## Data provided:
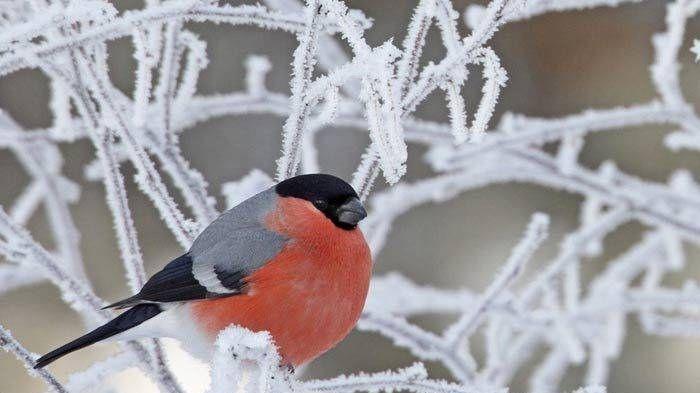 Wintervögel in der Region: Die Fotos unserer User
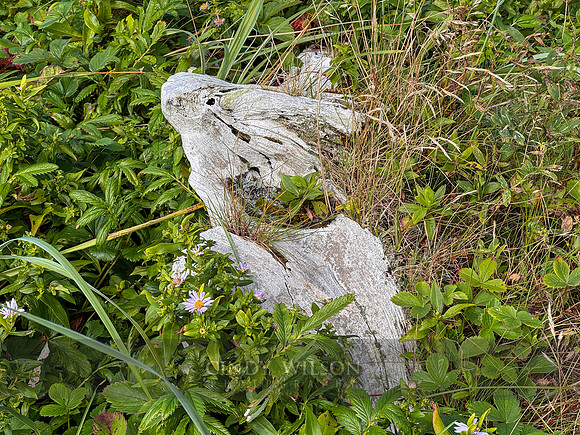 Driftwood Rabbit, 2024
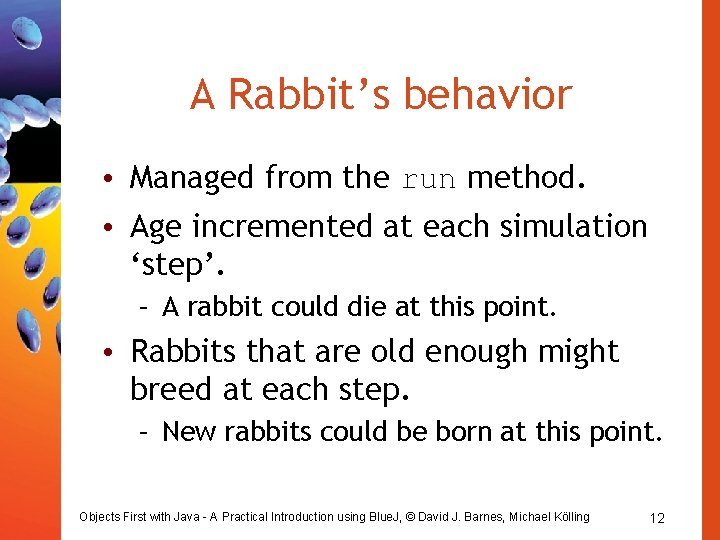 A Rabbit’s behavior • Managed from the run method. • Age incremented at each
---
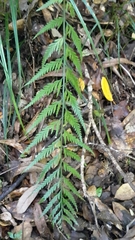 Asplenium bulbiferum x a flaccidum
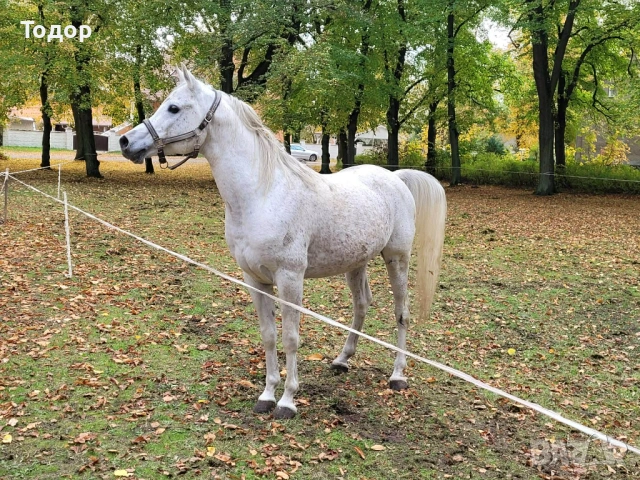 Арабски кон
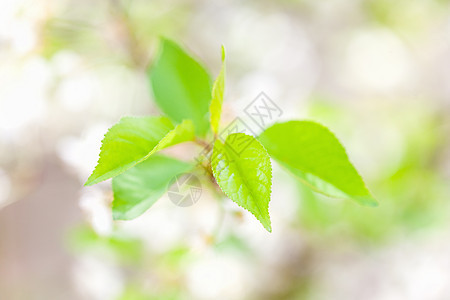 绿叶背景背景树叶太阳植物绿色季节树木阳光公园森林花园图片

## Work task:
Excerpt from the records above: set down only the lines from the one that contains "Wintervögel in der" through the one that contains "A Rabbit’s behavior", inclusive, word for word. Pictures stay out.

## Your response:
 Wintervögel in der Region: Die Fotos unserer User
 Driftwood Rabbit, 2024
 A Rabbit’s behavior • Managed from the run method. • Age incremented at each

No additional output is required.